- TASK STATEMENT: Which lines below fall between the one containing "Airflow Lightweight Sommer" and the one containing "1 HORA - Audifonos"? Repeat them exactly, counting both of those lines, and add nothing else.

- SUPPLIED DATA:
>>>>

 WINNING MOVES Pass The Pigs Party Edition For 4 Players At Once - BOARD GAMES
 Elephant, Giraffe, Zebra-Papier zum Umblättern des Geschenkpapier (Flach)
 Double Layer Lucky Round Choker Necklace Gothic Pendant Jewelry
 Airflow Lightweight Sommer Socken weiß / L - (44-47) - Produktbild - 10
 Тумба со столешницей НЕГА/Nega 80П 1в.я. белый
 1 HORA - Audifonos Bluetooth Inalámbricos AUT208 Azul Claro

<<<<
>>>>

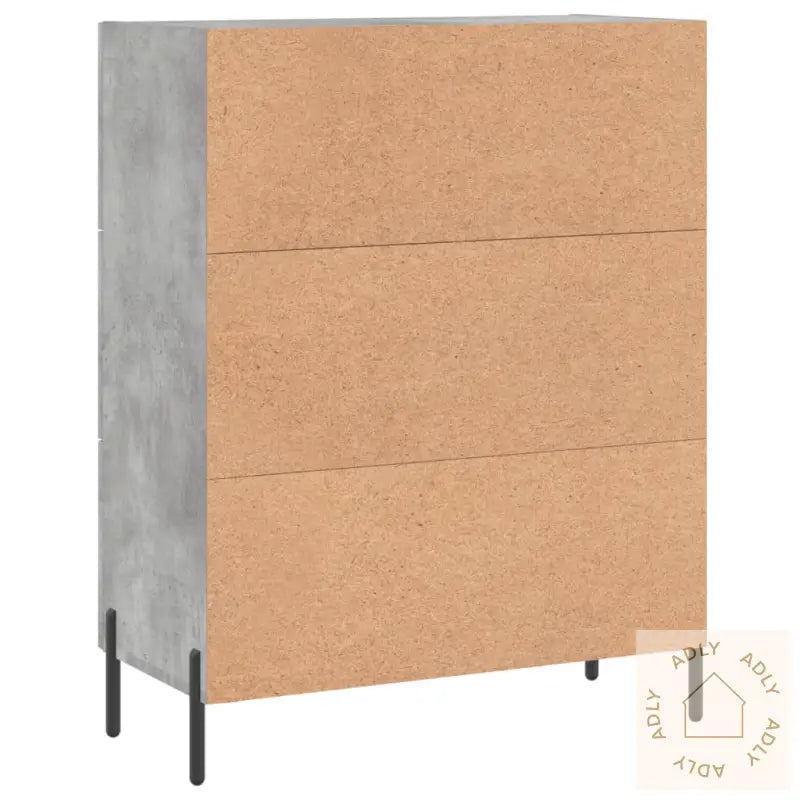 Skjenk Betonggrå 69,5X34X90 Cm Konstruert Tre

<<<<

- RESULT FOR THIS TASK:
 Airflow Lightweight Sommer Socken weiß / L - (44-47) - Produktbild - 10
 Тумба со столешницей НЕГА/Nega 80П 1в.я. белый
 1 HORA - Audifonos Bluetooth Inalámbricos AUT208 Azul Claro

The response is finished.